From: Li Yan (lanti@u.washington.edu)
Date: Wed Apr 14 2004 - 11:49:21 PDT
Review of the Essence of XML
XML Schema is a fairly complex type system. It uses a named
type approach which is widely adopted by many programming
languages.
+ XML without Schema
The XML data is well-formed if it begins with a declaration,
has a root element and all tags are properly nested. But to
obtain type information about individual elements, a DTD is
required to accompanying the XML, or a XML schema should be
supplied. XML documents come without a DTD, or XML schema,
is neither self-describing nor round-tripping. It is not
self-describing since there is no way to infer the type of
an element given the XML data alone. Rounding tripping is
also hard, or impossible because the lack of type
information will lead to multiple external representations
of XML data and the converse is also true when data is
converted back into an internal representation. With DTD or
XML schema available, we can validate XML data. The
validation will associate data with a type, and hence a
matching between data and type will succeed aferwards. This
is crucial in self-describing and round-tripping because
given the type information, we are now able to restrict our
internal representation of a data complying with its type,
and the erasure of typedValue back to untypedValue can also
be specified without ambiguity, thus round-tripping is
achieved.
+ Scope
The notion of global and local declarations offers some
flexibility that same element in different places can have
different types. The introduction of anonymous type becomes
handy in certain circumstances where a type name can be
infered from an element.
+ Derivation
The derivation by restriction on simple types
looks like creating a subtype of that simple type. e.g.

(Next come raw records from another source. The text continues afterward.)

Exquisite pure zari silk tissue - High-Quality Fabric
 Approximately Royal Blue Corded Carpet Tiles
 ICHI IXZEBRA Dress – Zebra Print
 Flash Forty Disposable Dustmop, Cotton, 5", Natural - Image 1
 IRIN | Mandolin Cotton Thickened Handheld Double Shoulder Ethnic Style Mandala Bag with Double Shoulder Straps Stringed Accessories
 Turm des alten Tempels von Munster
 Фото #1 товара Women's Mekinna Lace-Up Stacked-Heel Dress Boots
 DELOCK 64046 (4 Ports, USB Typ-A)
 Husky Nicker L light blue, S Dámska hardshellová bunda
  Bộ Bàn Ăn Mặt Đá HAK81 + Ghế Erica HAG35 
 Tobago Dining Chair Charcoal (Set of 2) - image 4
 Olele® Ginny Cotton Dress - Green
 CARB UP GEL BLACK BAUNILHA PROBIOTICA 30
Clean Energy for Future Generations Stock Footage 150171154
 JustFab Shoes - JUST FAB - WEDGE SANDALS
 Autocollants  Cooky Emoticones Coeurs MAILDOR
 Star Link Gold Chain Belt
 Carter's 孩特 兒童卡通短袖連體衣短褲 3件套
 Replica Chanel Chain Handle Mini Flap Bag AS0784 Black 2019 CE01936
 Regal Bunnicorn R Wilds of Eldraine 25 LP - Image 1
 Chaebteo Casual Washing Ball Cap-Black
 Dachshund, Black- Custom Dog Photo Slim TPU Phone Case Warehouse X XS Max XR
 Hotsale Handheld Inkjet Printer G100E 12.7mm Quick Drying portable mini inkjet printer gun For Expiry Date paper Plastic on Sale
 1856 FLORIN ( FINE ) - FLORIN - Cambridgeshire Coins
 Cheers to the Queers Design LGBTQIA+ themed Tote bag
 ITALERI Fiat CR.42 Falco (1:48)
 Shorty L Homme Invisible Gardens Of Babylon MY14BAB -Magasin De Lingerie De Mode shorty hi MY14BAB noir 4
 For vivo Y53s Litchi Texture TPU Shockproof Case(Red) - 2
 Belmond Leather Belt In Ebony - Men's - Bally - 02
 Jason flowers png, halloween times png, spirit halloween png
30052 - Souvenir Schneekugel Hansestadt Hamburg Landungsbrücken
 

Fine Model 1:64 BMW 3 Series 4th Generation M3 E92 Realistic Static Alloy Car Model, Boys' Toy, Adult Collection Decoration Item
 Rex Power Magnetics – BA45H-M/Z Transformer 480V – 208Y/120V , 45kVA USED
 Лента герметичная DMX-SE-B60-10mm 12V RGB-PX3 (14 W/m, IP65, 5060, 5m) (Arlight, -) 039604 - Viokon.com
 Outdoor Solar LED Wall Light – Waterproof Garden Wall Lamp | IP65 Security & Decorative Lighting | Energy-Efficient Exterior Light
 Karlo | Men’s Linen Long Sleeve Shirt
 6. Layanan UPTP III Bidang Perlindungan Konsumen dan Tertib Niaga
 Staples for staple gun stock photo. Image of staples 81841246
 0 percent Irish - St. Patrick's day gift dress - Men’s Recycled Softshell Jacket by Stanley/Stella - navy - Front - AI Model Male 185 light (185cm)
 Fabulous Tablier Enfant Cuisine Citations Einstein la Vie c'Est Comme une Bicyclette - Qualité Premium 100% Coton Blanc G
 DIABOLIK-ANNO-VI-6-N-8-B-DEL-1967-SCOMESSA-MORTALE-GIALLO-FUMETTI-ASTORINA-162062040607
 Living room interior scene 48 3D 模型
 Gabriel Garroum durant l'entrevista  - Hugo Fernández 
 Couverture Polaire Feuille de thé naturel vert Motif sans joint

define type feet restricts xs:integer The subtypes of
integer cannot be used in place of another subtype but type
integer can be used in that case.
The type derivation from a complex type resembles type
inheritance in Java, but in a reverse direction, in the
sense that whenever the former is expected, the latter can
be used instead. Here the complex type that is derived from
is a type more "general" than the type derived, to be more
specific, it might have more fields, or one of its field is
in a regular expression that describes a language "covers"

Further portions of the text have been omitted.